### Aim of the task
Given the records below, set each one down again exactly as it reads.

'''

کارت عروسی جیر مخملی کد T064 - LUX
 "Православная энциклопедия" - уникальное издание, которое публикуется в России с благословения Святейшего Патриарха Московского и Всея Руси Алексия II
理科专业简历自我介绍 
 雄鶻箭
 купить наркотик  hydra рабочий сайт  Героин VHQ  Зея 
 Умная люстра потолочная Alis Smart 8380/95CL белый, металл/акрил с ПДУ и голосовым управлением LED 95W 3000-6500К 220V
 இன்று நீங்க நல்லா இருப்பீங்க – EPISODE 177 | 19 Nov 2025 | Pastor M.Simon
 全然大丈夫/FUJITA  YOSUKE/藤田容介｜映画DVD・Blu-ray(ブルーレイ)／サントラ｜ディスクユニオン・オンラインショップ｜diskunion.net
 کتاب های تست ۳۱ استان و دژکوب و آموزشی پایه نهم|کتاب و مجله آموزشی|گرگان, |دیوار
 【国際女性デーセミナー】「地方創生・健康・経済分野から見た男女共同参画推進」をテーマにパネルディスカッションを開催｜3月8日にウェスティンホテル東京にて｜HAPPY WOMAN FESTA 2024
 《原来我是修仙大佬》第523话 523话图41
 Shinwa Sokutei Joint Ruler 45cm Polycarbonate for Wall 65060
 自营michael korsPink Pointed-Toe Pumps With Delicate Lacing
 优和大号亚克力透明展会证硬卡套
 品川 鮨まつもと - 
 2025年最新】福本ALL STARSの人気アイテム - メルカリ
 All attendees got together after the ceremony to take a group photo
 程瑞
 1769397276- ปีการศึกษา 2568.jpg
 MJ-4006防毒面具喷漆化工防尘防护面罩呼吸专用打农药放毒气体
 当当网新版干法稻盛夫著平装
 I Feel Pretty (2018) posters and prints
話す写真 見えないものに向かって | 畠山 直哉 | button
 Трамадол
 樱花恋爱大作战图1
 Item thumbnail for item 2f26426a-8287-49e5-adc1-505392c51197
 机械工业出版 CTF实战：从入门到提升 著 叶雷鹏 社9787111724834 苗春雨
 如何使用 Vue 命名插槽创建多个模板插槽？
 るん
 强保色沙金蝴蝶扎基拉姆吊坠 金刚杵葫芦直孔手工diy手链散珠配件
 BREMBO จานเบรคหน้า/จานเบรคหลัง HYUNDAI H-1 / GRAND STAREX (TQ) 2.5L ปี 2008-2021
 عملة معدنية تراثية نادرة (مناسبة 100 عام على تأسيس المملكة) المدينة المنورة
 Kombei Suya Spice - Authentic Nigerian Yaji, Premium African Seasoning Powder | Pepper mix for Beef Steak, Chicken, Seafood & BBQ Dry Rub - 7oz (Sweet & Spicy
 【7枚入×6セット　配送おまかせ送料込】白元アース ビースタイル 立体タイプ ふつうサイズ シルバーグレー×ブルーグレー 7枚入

'''

### Answer to this exercise
کارت عروسی جیر مخملی کد T064 - LUX
 "Православная энциклопедия" - уникальное издание, которое публикуется в России с благословения Святейшего Патриарха Московского и Всея Руси Алексия II
理科专业简历自我介绍 
 雄鶻箭
 купить наркотик  hydra рабочий сайт  Героин VHQ  Зея 
 Умная люстра потолочная Alis Smart 8380/95CL белый, металл/акрил с ПДУ и голосовым управлением LED 95W 3000-6500К 220V
 இன்று நீங்க நல்லா இருப்பீங்க – EPISODE 177 | 19 Nov 2025 | Pastor M.Simon
 全然大丈夫/FUJITA  YOSUKE/藤田容介｜映画DVD・Blu-ray(ブルーレイ)／サントラ｜ディスクユニオン・オンラインショップ｜diskunion.net
 کتاب های تست ۳۱ استان و دژکوب و آموزشی پایه نهم|کتاب و مجله آموزشی|گرگان, |دیوار
 【国際女性デーセミナー】「地方創生・健康・経済分野から見た男女共同参画推進」をテーマにパネルディスカッションを開催｜3月8日にウェスティンホテル東京にて｜HAPPY WOMAN FESTA 2024
 《原来我是修仙大佬》第523话 523话图41
 Shinwa Sokutei Joint Ruler 45cm Polycarbonate for Wall 65060
 自营michael korsPink Pointed-Toe Pumps With Delicate Lacing
 优和大号亚克力透明展会证硬卡套
 品川 鮨まつもと - 
 2025年最新】福本ALL STARSの人気アイテム - メルカリ
 All attendees got together after the ceremony to take a group photo
 程瑞
 1769397276- ปีการศึกษา 2568.jpg
 MJ-4006防毒面具喷漆化工防尘防护面罩呼吸专用打农药放毒气体
 当当网新版干法稻盛夫著平装
 I Feel Pretty (2018) posters and prints
話す写真 見えないものに向かって | 畠山 直哉 | button
 Трамадол
 樱花恋爱大作战图1
 Item thumbnail for item 2f26426a-8287-49e5-adc1-505392c51197
 机械工业出版 CTF实战：从入门到提升 著 叶雷鹏 社9787111724834 苗春雨
 如何使用 Vue 命名插槽创建多个模板插槽？
 るん
 强保色沙金蝴蝶扎基拉姆吊坠 金刚杵葫芦直孔手工diy手链散珠配件
 BREMBO จานเบรคหน้า/จานเบรคหลัง HYUNDAI H-1 / GRAND STAREX (TQ) 2.5L ปี 2008-2021
 عملة معدنية تراثية نادرة (مناسبة 100 عام على تأسيس المملكة) المدينة المنورة
 Kombei Suya Spice - Authentic Nigerian Yaji, Premium African Seasoning Powder | Pepper mix for Beef Steak, Chicken, Seafood & BBQ Dry Rub - 7oz (Sweet & Spicy
 【7枚入×6セット　配送おまかせ送料込】白元アース ビースタイル 立体タイプ ふつうサイズ シルバーグレー×ブルーグレー 7枚入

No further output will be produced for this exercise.